近代自然科学知识的发展传播,客观上为中国造就了一批新型的知识分子,对中国社会的发展变化产生了积极推动作用。在创办近代工业和引进自然科学及其成果的同时,一批直接从事这些工作的先进中国人,在科学知识的熏陶和启发下,发生了很大变化。他们不仅在政治观点和哲学观点方面,而且在科学知识素养方面都同传统的士大夫有明显的区别。徐寿掌握了唯物自然观和科学的治学方法,一生“无谈星命风水,无谈巫觋谶纬,其见诸行事也,婚嫁丧葬概不用阴阳择日之法,四时祭祖专奉祖先而不祭外神,治丧不用僧道旌醮以及乐工鼓吹,营葬不用堪舆家言,居恒与人谈议,所有五行生克之说,理气肤浅之言绝口不道,总以实事实证引进后学。”[17]严复通过在英国留学,系统地学习了西方近代自然科学和哲学知识,不仅自己的思想产生深刻变化,而且还第一次完整地将西方哲学和科学方法介绍到中国,使中国人对西学的认识大大提高了。
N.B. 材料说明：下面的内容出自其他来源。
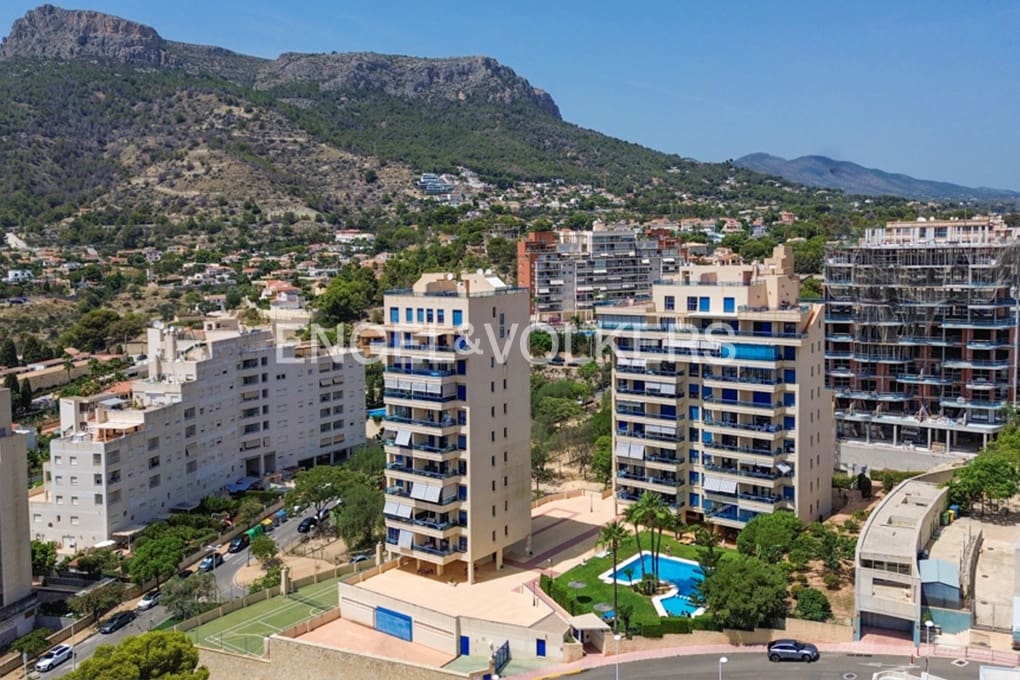 Ático de 4 habitaciones en Calpe / Calp en venta con piscina garaje - 950.000 € (Ref: 9737336)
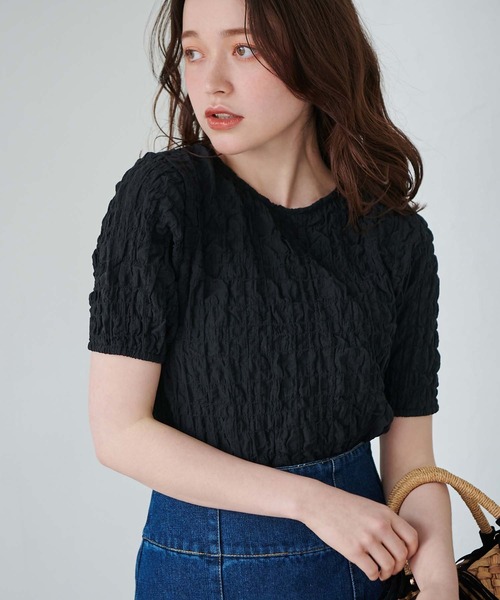 fifth（フィフス）の「ぽこぽこシャーリングデザイントップス（シャツ/ブラウス・レディース・ブラック/ホワイト・M）」の2枚目の写真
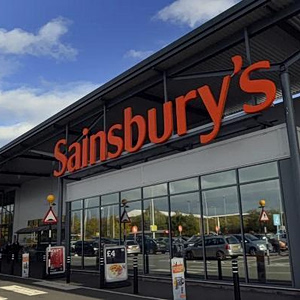 Sainsbury’s: Πιέσεις σε κατανάλωση και κέρδη από τον πόλεμο στο Ιράν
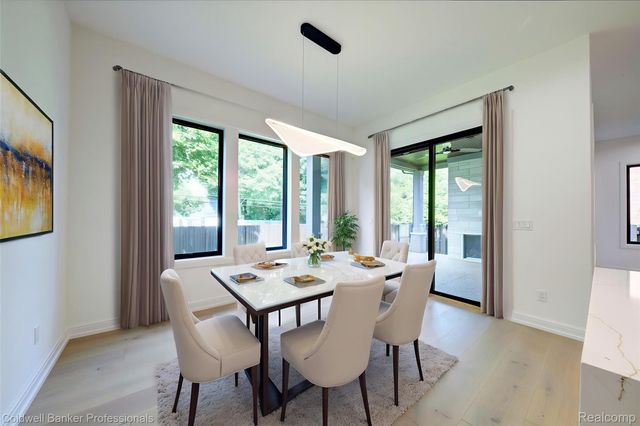 394 S Glenhurst Drive, Birmingham, MI 48009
辛亥革命的重要领袖人物以及主要骨干包括青年留学生在内的新式知识分子,绝大多数都受过近代科学的洗礼,并自觉运用科学武器,对封建思想赖以生存的理论基础进行批判,推动了资产阶级民主革命,加速了腐朽的清王朝的灭亡。这些都是科技推动了教育更新,而教育变革又为造就社会新型人才提供重要保证的证明。
四、影响社会习俗变化的重要因素
近代自然科学的引进改变了中国的政治、经济、思想,也在一定程度上影响着近代中国人的生活习惯,使传统的生活方式发生了变化,朝着文明、健康迈进了一步。
作为科学的对立面,中国传统社会习俗当中的迷信思想首当其冲地受到强烈的批判。随着近代自然科学的大量引进和被越来越多的人理解,许多自然现象得到了正确的解释和说明,使得长期以来的鬼神、风水、宿命观念赖以存在的证据一一被批驳,这些迷信错误思想以及陈腐旧俗在科学的面前彻底败下阵来。比如,郑复光在《费隐与知录》当中对历来以为异怪瑞祥的自然现象作了收集和研究,分别用物性、热学、光学等原理加以说明,对迷信思想产生了一定的冲击。此后,随着洋务运动、戊戌变法、辛亥革命等社会变革的日益深化,人们的眼界大大开阔,思想也得到了解放,对旧有的迷信的不科学的习俗批判越来越多,最终汇成五四运动追求“科学”的浪潮。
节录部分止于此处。